:: BRIEF ::
The entries are to be repeated in full, without any change.

:: DATA SUPPLIED ::

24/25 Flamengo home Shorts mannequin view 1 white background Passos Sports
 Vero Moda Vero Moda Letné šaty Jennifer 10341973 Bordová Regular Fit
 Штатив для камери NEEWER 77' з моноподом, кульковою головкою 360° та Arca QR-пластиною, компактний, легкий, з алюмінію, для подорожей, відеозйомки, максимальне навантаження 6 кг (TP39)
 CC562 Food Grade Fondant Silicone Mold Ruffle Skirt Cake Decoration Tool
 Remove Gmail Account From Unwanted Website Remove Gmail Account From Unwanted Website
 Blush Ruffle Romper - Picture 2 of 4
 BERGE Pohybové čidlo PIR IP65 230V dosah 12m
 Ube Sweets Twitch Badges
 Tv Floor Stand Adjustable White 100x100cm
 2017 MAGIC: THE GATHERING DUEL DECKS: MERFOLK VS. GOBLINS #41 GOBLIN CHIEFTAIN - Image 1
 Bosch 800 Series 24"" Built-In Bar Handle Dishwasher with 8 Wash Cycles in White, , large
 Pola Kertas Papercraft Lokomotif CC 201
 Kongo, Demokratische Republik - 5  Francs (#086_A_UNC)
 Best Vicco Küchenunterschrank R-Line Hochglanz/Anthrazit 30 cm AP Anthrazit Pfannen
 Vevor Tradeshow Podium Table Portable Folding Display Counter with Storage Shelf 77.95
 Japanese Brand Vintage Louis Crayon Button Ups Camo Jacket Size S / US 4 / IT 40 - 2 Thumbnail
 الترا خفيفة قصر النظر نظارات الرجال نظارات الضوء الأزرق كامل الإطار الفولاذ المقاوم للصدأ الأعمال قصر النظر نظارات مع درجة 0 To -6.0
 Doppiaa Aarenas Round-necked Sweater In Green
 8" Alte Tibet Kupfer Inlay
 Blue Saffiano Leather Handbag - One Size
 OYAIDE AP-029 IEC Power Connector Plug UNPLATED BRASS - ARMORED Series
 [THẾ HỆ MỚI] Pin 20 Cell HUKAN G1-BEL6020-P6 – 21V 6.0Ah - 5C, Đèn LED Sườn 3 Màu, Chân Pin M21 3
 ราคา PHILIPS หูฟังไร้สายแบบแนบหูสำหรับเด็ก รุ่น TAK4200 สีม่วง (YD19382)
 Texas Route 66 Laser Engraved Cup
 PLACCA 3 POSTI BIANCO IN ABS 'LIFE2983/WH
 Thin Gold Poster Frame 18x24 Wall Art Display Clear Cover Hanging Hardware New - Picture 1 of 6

:: YOUR RESPONSE ::
24/25 Flamengo home Shorts mannequin view 1 white background Passos Sports
 Vero Moda Vero Moda Letné šaty Jennifer 10341973 Bordová Regular Fit
 Штатив для камери NEEWER 77' з моноподом, кульковою головкою 360° та Arca QR-пластиною, компактний, легкий, з алюмінію, для подорожей, відеозйомки, максимальне навантаження 6 кг (TP39)
 CC562 Food Grade Fondant Silicone Mold Ruffle Skirt Cake Decoration Tool
 Remove Gmail Account From Unwanted Website Remove Gmail Account From Unwanted Website
 Blush Ruffle Romper - Picture 2 of 4
 BERGE Pohybové čidlo PIR IP65 230V dosah 12m
 Ube Sweets Twitch Badges
 Tv Floor Stand Adjustable White 100x100cm
 2017 MAGIC: THE GATHERING DUEL DECKS: MERFOLK VS. GOBLINS #41 GOBLIN CHIEFTAIN - Image 1
 Bosch 800 Series 24"" Built-In Bar Handle Dishwasher with 8 Wash Cycles in White, , large
 Pola Kertas Papercraft Lokomotif CC 201
 Kongo, Demokratische Republik - 5  Francs (#086_A_UNC)
 Best Vicco Küchenunterschrank R-Line Hochglanz/Anthrazit 30 cm AP Anthrazit Pfannen
 Vevor Tradeshow Podium Table Portable Folding Display Counter with Storage Shelf 77.95
 Japanese Brand Vintage Louis Crayon Button Ups Camo Jacket Size S / US 4 / IT 40 - 2 Thumbnail
 الترا خفيفة قصر النظر نظارات الرجال نظارات الضوء الأزرق كامل الإطار الفولاذ المقاوم للصدأ الأعمال قصر النظر نظارات مع درجة 0 To -6.0
 Doppiaa Aarenas Round-necked Sweater In Green
 8" Alte Tibet Kupfer Inlay
 Blue Saffiano Leather Handbag - One Size
 OYAIDE AP-029 IEC Power Connector Plug UNPLATED BRASS - ARMORED Series
 [THẾ HỆ MỚI] Pin 20 Cell HUKAN G1-BEL6020-P6 – 21V 6.0Ah - 5C, Đèn LED Sườn 3 Màu, Chân Pin M21 3
 ราคา PHILIPS หูฟังไร้สายแบบแนบหูสำหรับเด็ก รุ่น TAK4200 สีม่วง (YD19382)
 Texas Route 66 Laser Engraved Cup
 PLACCA 3 POSTI BIANCO IN ABS 'LIFE2983/WH
 Thin Gold Poster Frame 18x24 Wall Art Display Clear Cover Hanging Hardware New - Picture 1 of 6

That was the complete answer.